Effect of exercise, heat stress, and hydration on immune cell number and function

Abstract

Purpose: The purpose of this study was to determine the effect of thermal stress and hydration status on immune function during exercise.

Methods: Ten trained men completed four cycle ergometer rides at 55% VO2peak under the following conditions: EN (euhydrated neutral; 22 degrees C, 30% RH), DN (dehydrated neutral), EH (euhydrated hot; 38 degrees C, 45% RH), and DH (dehydrated hot). During EN and EH, a carbohydrate/electrolyte beverage was consumed at a rate matching sweat loss, and during DN and DH, no fluid was ingested. Blood samples were drawn pre- and postexercise, and at 2 and 24 h of recovery. Cell counts were determined by automated counting and flow cytometry. Neutrophil activity was assessed as superoxide production, lymphocyte function was determined via PHA-stimulated mitogenesis, and natural killer (NK) cell activity was measured with a 51Cr-release assay. Cortisol was assayed via RIA.

Results: Lymphocytes proliferation was depressed 2 h after exercise in all conditions (P < 0.05); however, when expressed on a per cell basis, function was greater in the DH and EH conditions. NK activity (max x 10(3) cells) was greater post compared with preexercise in all conditions (EH = 25.5 +/- 16.8, DH = 26.2 +/- 10.5, EN = 19.3 +/- 11.0, and DN = 16.5 +/- 8.7) but was not different between conditions.
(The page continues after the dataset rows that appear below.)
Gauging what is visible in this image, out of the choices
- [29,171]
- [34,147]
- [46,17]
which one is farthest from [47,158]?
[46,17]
Leukocyte, neutrophil, lymphocyte, and NK cell counts were also elevated postexercise with the former two remaining elevated 2 h postexercise in the EH and DH conditions. Cortisol was greater postexercise in EH (22.1 +/- 1.3) and DH (27.7 +/- 1.3) compared with EN (17.8 +/- 2.1) and DN (18.9 +/- 1.6 microg x dL(-1).

Conclusion: Euhydration did not affect cell number or function when compared with a dehydrated state; however, the hot environment caused more severe disturbances in these measures compared with a neutral environment.